Lone Survivor is based on the memoir of the same name by Marcus Luttrell, the sole survivor of the ill-fated Navy SEAL "Operation Red Wings" military mission in Afghanistan that claimed the lives of 19 U.S. soldiers in June 2005. More than any film in recent memory, Lone Survivor immerses us into the dirty, nasty business of warfare, and provides an almost unbearably intense, vicarious experience of the sights and sounds of the battlefield. The film vividly depicts an environment where potential death lurks behind every tree and mountain, and where all the planning, logistics and strategy get whittled away, boiled down to the basic survival instinct of kill or be killed.
Lone Survivor doesn't start out too promisingly. The beginning of the film has Marcus Luttrell (Mark Wahlberg) lying wounded in a plane, as he's being carried away from the battlefield in Afghanistan. Marcus' voice-over spouts familiar bromides about the brotherhood of war and remembering fallen comrades. This, after an opening credits montage showing basic training, looking like a recruitment ad, leads one to anticipate a simplistically pro-military rah-rah sort of movie. But to writer-director Peter Berg's great credit, this ultimately proves to be far from that kind of film.

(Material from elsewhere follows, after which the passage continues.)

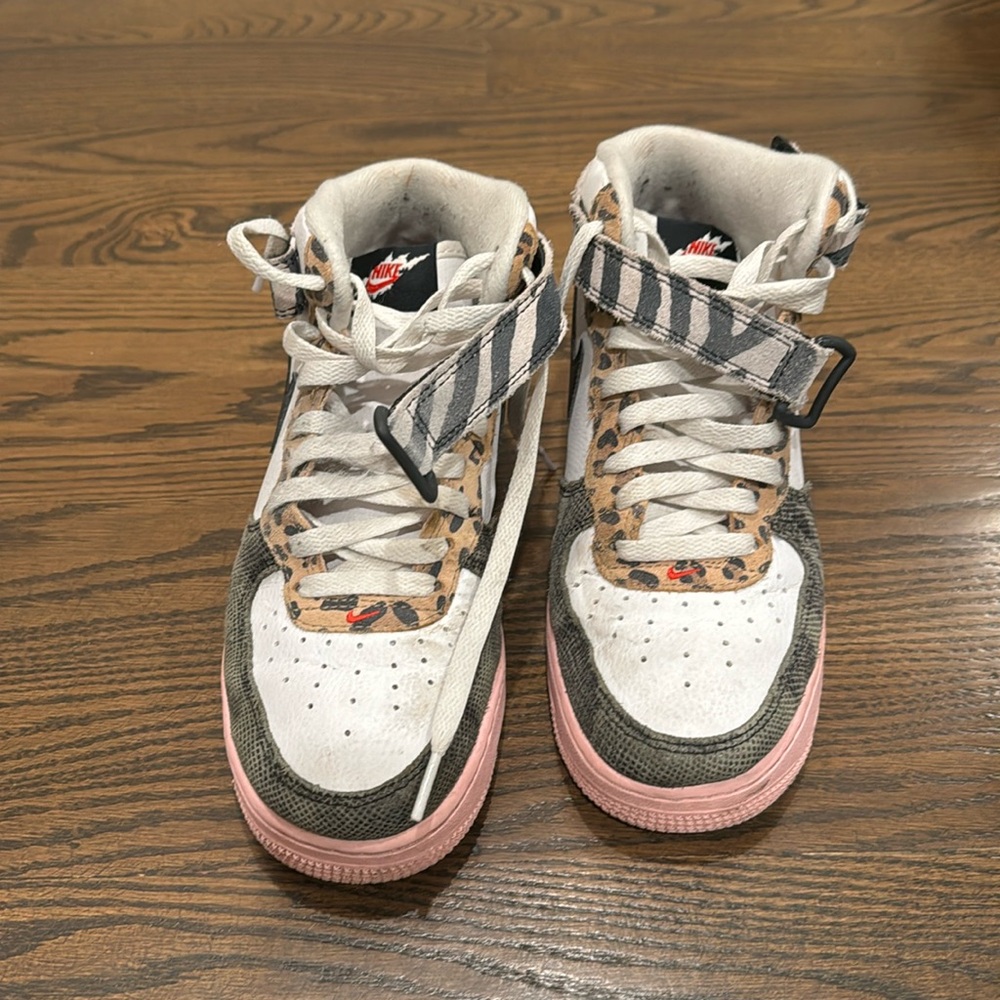 2022
Wmns Air Force 1 Mid 'Tunnel Walk' Animal Instinct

We don't get whole lot of back story on the group of soldiers that the film follows. This core group includes Lt. Michael Murphy (Taylor Kitsch), Danny P. Dietz (Emile Hirsch), and Matthew "Axe" Axelson (Ben Foster). However, we're given just enough information, through the dialog and the actors' skillful way of showing the camaraderie of these men, to convey the idea of them as unique individuals with full lives and aspirations for the future. But as each life gets snuffed out, one by one, we are invited to grieve for each life that gets cut short, and for the loved ones they'll leave behind. (This feeling is forcefully brought home by the end credits, scored to Peter Gabriel's cover of David Bowie's "Heroes," which show pictures and video of the real-life soldiers.)
The heart of the film is a central 40 minutes-or-so sequence that depicts the mission, which targets a Taliban commander and his fighters. When their mission is compromised by a group of goat-herders who discover their position, the soldiers are faced with the dilemma of whether to let them go, after which the goat-herders will most likely inform the Taliban, or to kill them and face punishment for violating the rules of engagement by killing unarmed civilians. After some debate, Lt. Murphy makes the executive decision to let the men go, and sure enough, the Taliban is soon able to find them.
The soldiers now must engage in a vicious firefight with the Taliban fighters, hopelessly outnumbered with a handful of U.S. soldiers facing over a hundred Taliban, unable to radio for backup. The sequence that follows is almost unbearably intense, as the soldiers dodge rifle and grenade fire from the Taliban, and tumble down the unforgivingly rough terrain of the mountains. Each fall and hard landing, every bullet and piece of shrapnel tearing though flesh registers with powerful force, immersing us into the scene with vivid immediacy.
The most valuable aspect of Lone Survivor is that it tells its story with a refreshing lack of jingoism, digging deeply in the humanity and heroism that exist on both sides of the American/Afghan divide. To Berg's great credit, the Afghans are not portrayed as simply faceless villains. The Taliban are appropriately presented as murderous, ruthless people, but there are also other Afghans who resist the Taliban's tyranny; they aid the Americans at the risk of their own lives. Luttrell gets crucial assistance from a number of them following the battle, when he finds himself behind enemy lines; the denouement of this story thread is incredibly moving.
Lone Survivor is a technically impressive and emotionally moving film that contains a fine central turn by Wahlberg, and viscerally brings home the human costs of war, eliciting deep respect for those who willingly risk their lives, and lose their lives, to pursue ideals of service and sacrifice for others.